Burke’s buildup of Snyder includes bringing him to new heights, you know, height-wise. While mulling Snyder’s feuds with the media, Burke threw in a Napoleon reference from the Washington Post‘s Mike Wise before telling readers that Snyder is actually “5 foot 9.”

Burke says he didn’t supersize Snyder to get him to 5’9″. He got Snyder’s height from Snyder, he says, and adds that after meeting the Redskins owner there seemed to be nothing implausible about the figure.

Five-foot-nine would, according to U.S. government health statistics, make Snyder of average height for an adult American male. I’ve never had one-on-one time with Snyder or hung out with him as Burke did for his story, so Burke knows better than me how tall Snyder really is. But my image of Snyder has always been as a short guy. When I read Burke’s passage about how Snyder really walks tall, or at least walks average, I immediately thought back to photos of the owner with Tom Cruise during their days as partners.

Cruise’s lack of height has long been fodder for detractors, yet in, for example, the Washington Post’s shot with Snyder seen above (a 2008 photo that ran in the paper’s Reliable Source column), Cruise seems the taller of the two by a good bit.

So what’s going on here? Is Forbes insinuating that Cruise just wears more creative footwear than Snyder? If Burke is to be believed, does that mean somebody in the liberal media doctored the Snyder/Cruise shots for effect, like a newsweekly once browned-up O.J.?

Or, has Snyder’s apparent shortness, which lead to all those “Napoleon” slurs through the years, been just some optical illusion? You know, like those “Magnetic Mountains” in the Middle of Nowhere (or New Brunswick, Canada) that my family would run into on summer vacations, where you pay a dollar to have your car roll uphill but it’s not really rolling uphill?
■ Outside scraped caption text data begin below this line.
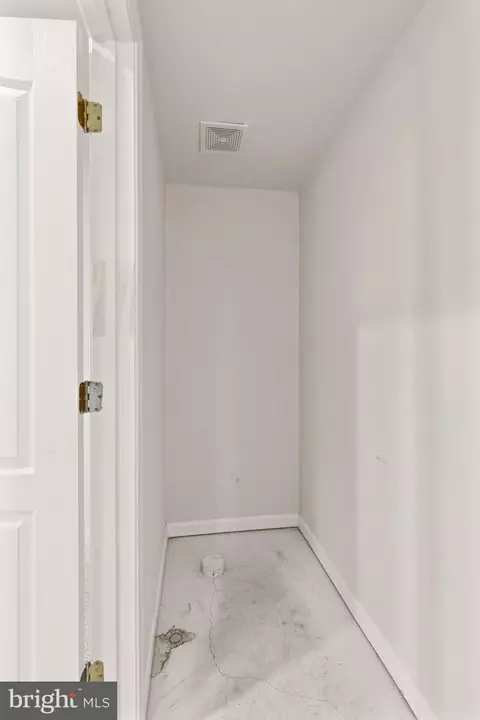 Entry Way - 20144 Prairie Dunes Ter, Ashburn, VA 20147 photo 2 of 2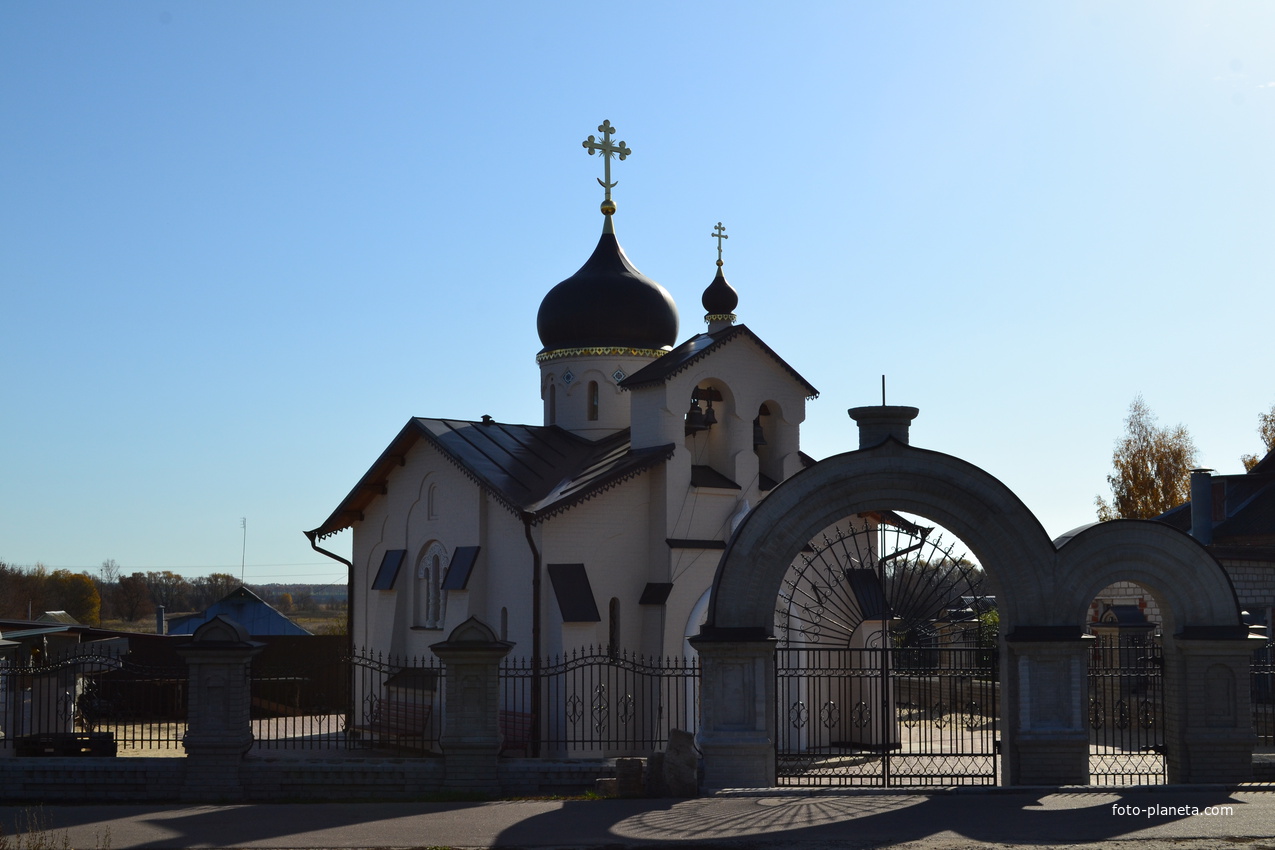 Церковь в деревне Рассыльная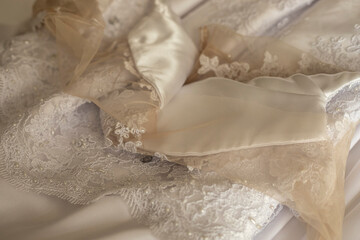 Dettaglio scollatura abito da sposa
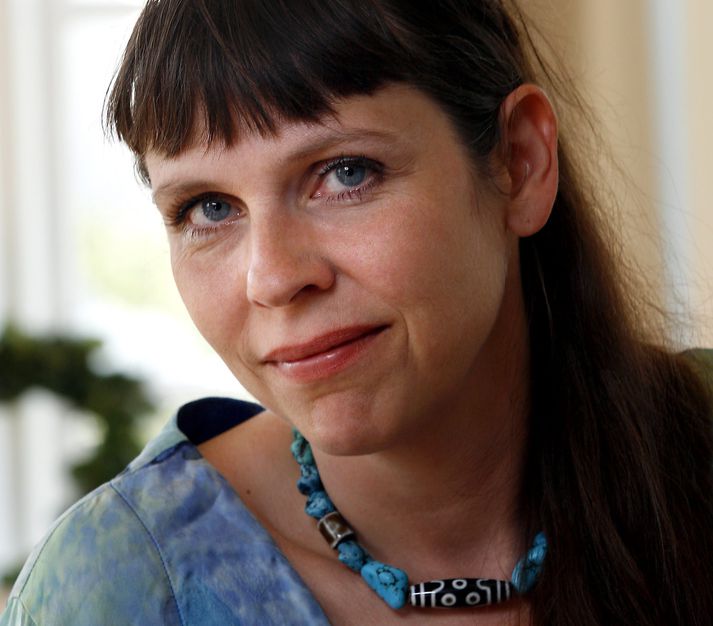 Birgitta hefur verið kvikmyndagerðarfólkinu innan handar.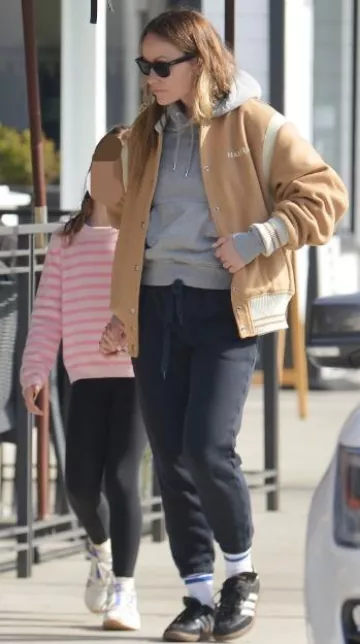 Adidas Samba Classic usado por Olivia Wilde en Los Ángeles el 15 de enero de 2024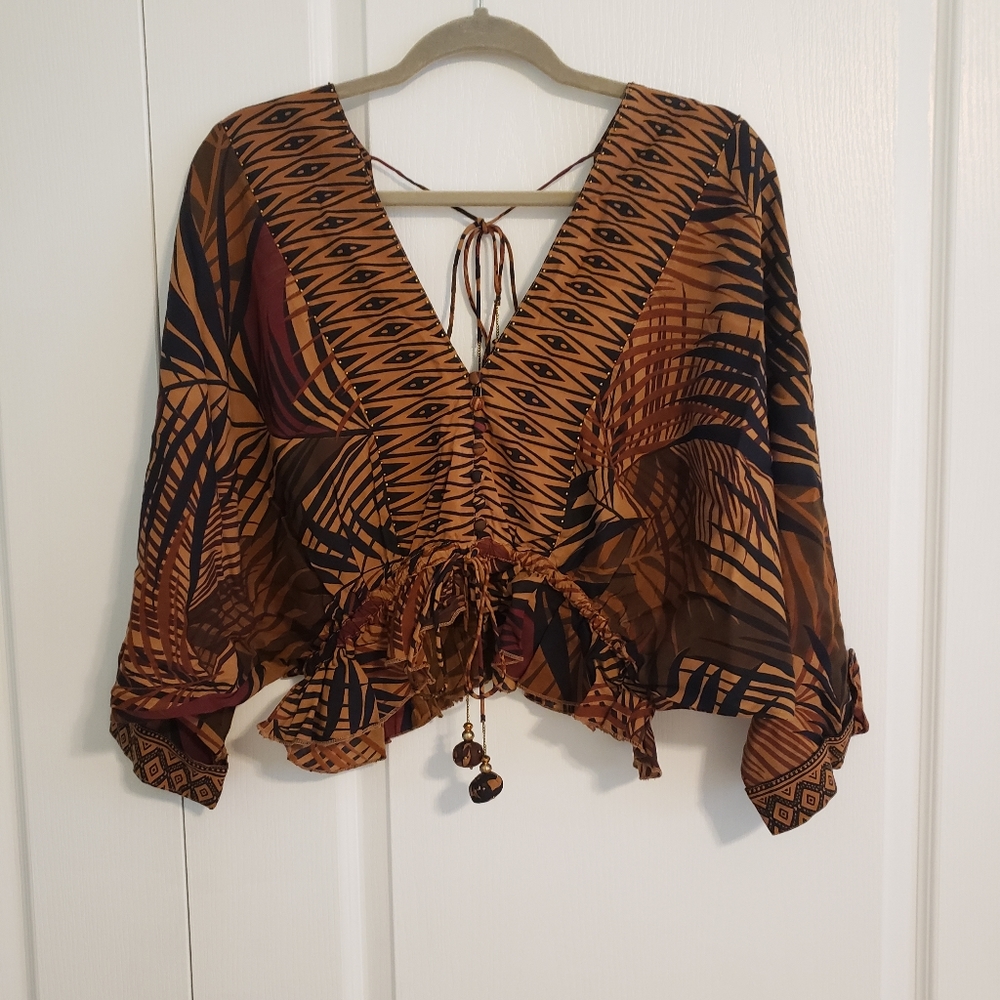 NWT Boho Z & L Top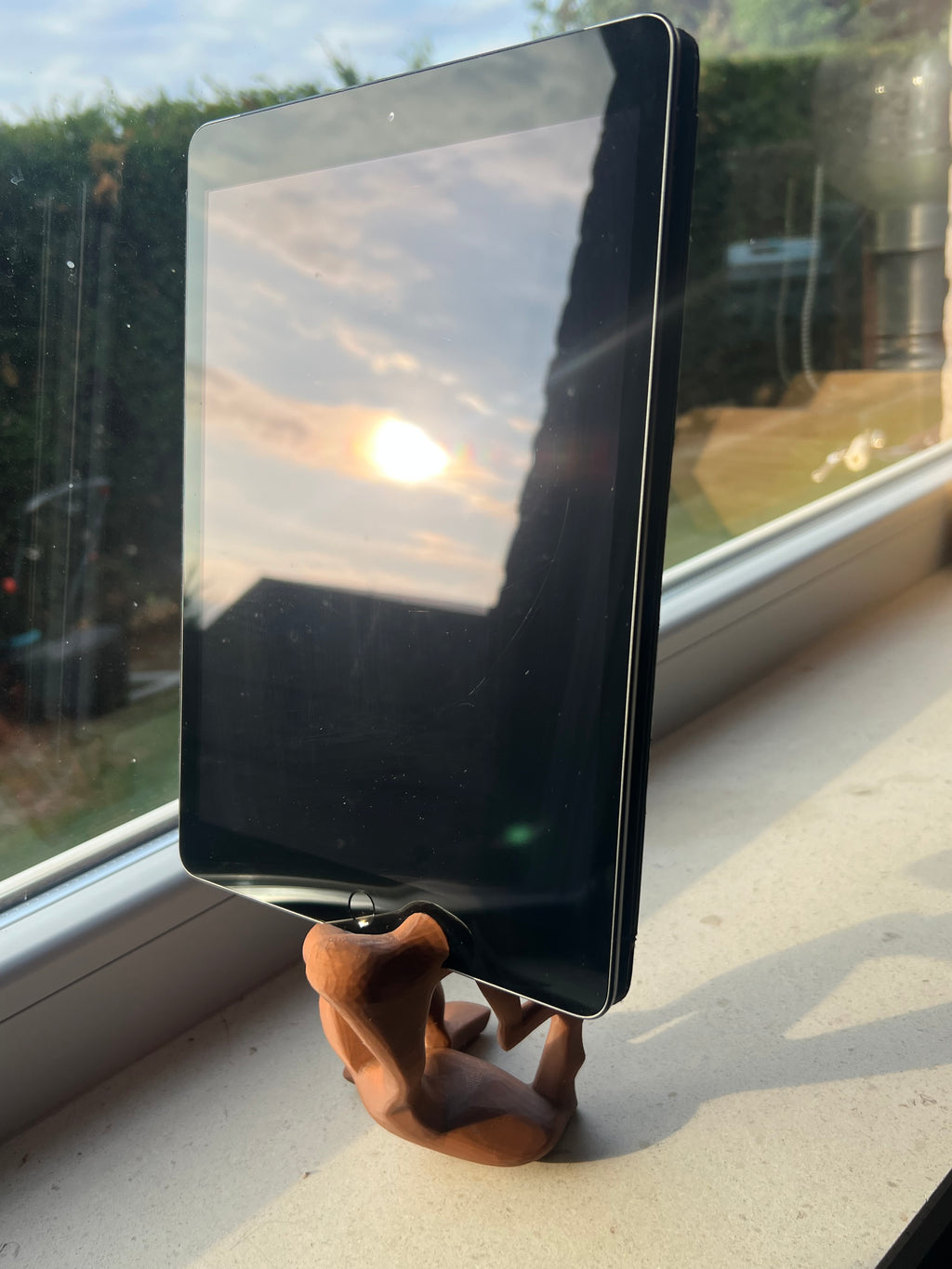 Equilibrist 3D Printed Phone & Tablet Stand – Sculptural Desk Organizer #impressao3d #3dprinting #PhoneStand #PenHolder #DeskOrganizer #3DPrinted #PETG #HomeOffice #Gadget #UniqueDesign #DeskDecor #VintedFinds #EuropeShipping #Handmade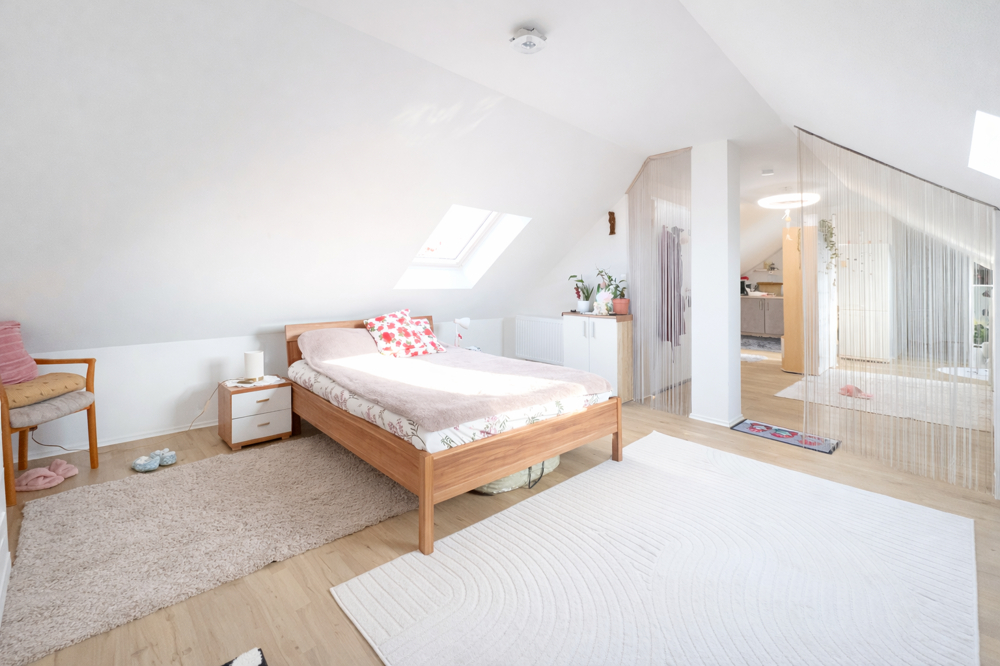 helle 1,5 Zimmer Dachgeschosswohnung für Kapitalanleger – Ulm / Gögglingen – Bild 1 von 16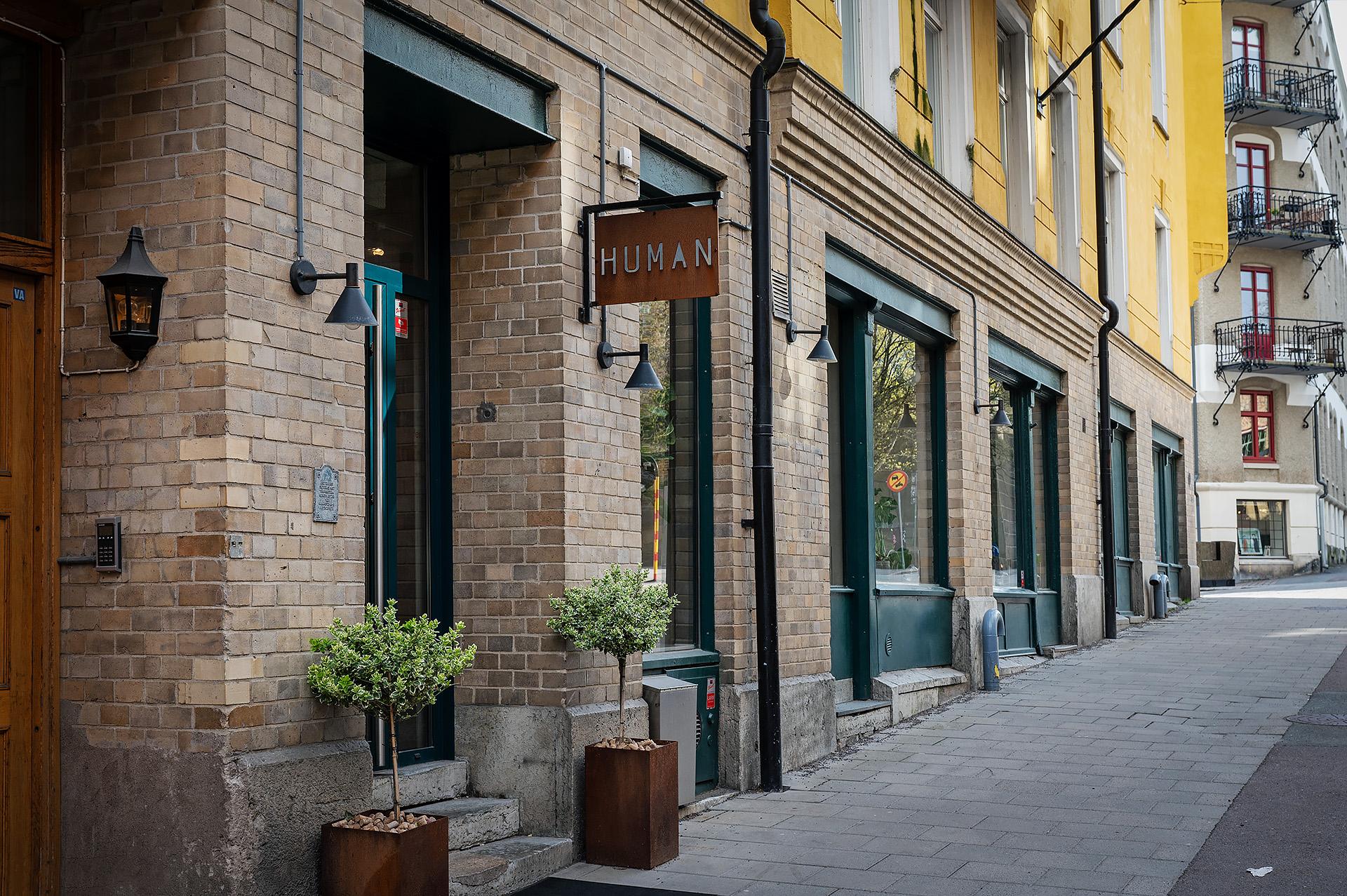 En av husets hyresgäster är restaurangen Human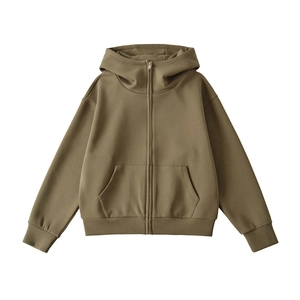 Gros plan du sweat à capuche zippé vert olive avec poignets côtelés et poches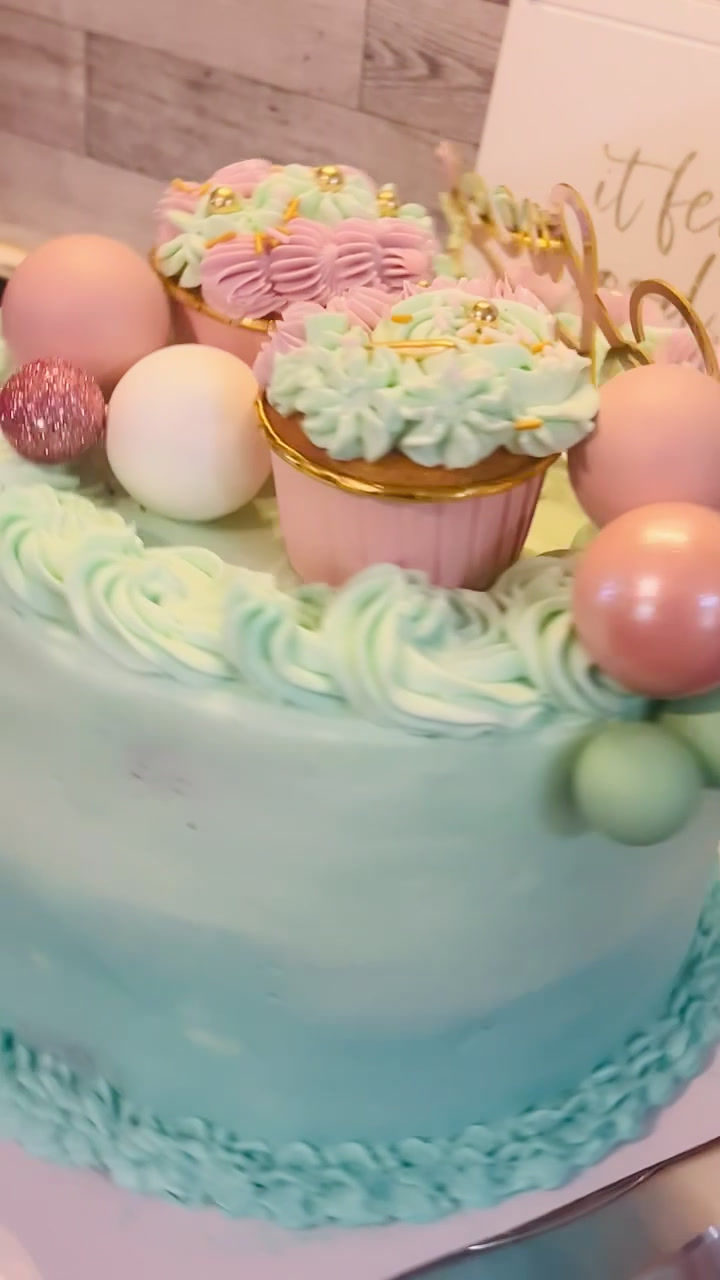 Thumbnail: Specialty DivaKakes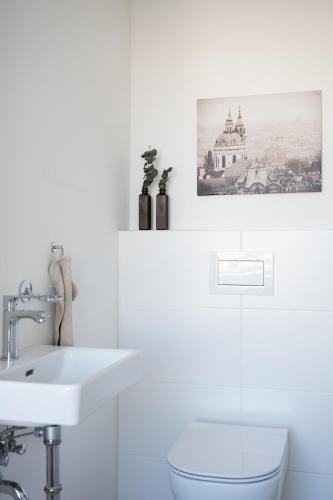 Modernes Dachgeschoss-Apartment mit Balkon in Wien - Nähe Westbahnhof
Or maybe Burke just threw out a wrong number. If Snyder’s actually 5’9″, that would be fascinating, if only because he’s had so many stature-related insults thrown at him over the years from journalists and bloggers and  fans—”Napoleon” shows up so often it could be mistaken for his middle name—that the image of him as a short guy has stuck.

The funniest thing I learned while writing the column was that there’s a movement among European historians to adjust the real Napoleon’s height at the same time Snyder’s height is getting tweaked to the north over here. If the scholars succeed, Napoleon, who’s been on the business end of shorty slurs for centuries, will get several bonus inches and will be considered to have been of average height.

So, whether Burke got Snyder’s numbers right or not, it turns out a guy 5’9″ could still have a Napoleon Complex. Just Snyder’s luck!